N.B. Since it is difficult enough to find translations of more contemporary Russian literature, the links are not to epub files but to Amazon.
FROM THE VAULTS:
Middlemarch, George Eliot
Since you think it my duty, Mr. Farebrother, I will tell you that I have too strong a feeling for Fred to give him up for any one else. I should never be quite happy if I thought he was unhappy for the loss of me. It has taken such deep root in me—my gratitude to him for always loving me best, and minding so much if I hurt myself, from the time when we were very little. I cannot imagine any new feeling coming to make that weaker.
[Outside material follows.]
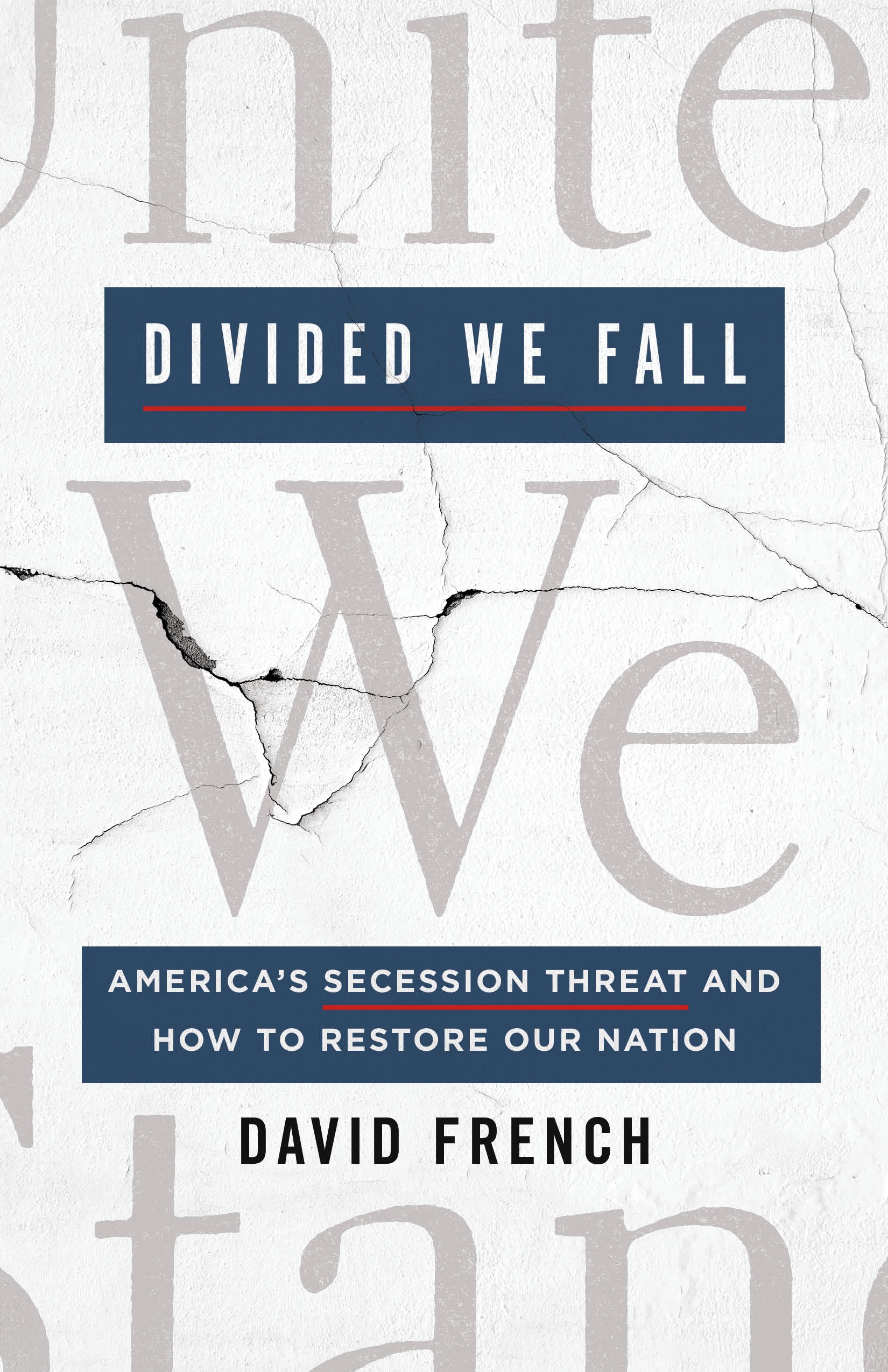 Book “Divided We Fall” by David French — September 22, 2020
Great Expectations, Charles Dickens
The unqualified truth is, that when I loved Estella with the love of a man, I loved her simply because I found her irresistible. Once for all; I knew to my sorrow, often and often, if not always, that I loved her against reason, against promise, against peace, against hope, against happiness, against all discouragement that could be. Once for all; I love her none the less because I knew it, and it had no more influence in restraining me, than if I had devoutly believed her to be human perfection.
The Sorrows of Young Werther, Johann Wolfgang von Goethe
Sometimes I don’t understand how another can love her, is allowed to love her, since I love her so completely myself, so intensely, so fully, grasp nothing, know nothing, have nothing but her!
The Hunchback of Notre-Dame, Victor Hugo
Love is like a tree: it grows by itself, roots itself deeply in our being and continues to flourish over a heart in ruin. The inexplicable fact is that the blinder it is, the more tenacious it is. It is never stronger than when it is completely unreasonable.
Love in the Time of Cholera, Gabriel García Márquez
To him she seemed so beautiful, so seductive, so different from ordinary people, that he could not understand why no one was as disturbed as he by the clicking of her heels on the paving stones, why no one else’s heart was wild with the breeze stirred by the sighs of her veils, why everyone did not go mad with the movements of her braid, the flight of her hands, the gold of her laughter. He had not missed a single one of her gestures, not one of the indications of her character, but he did not dare approach her for fear of destroying the spell.
The Great Gatsby, F. Scott Fitzgerald
There must have been moments even that afternoon when Daisy tumbled short of his dreams — not through her own fault, but because of the colossal vitality of his illusion. It had gone beyond her, beyond everything. He had thrown himself into it with a creative passion, adding to it all the time, decking it out with every bright feather that drifted his way. No amount of fire or freshness can challenge what a man will store up in his ghostly heart.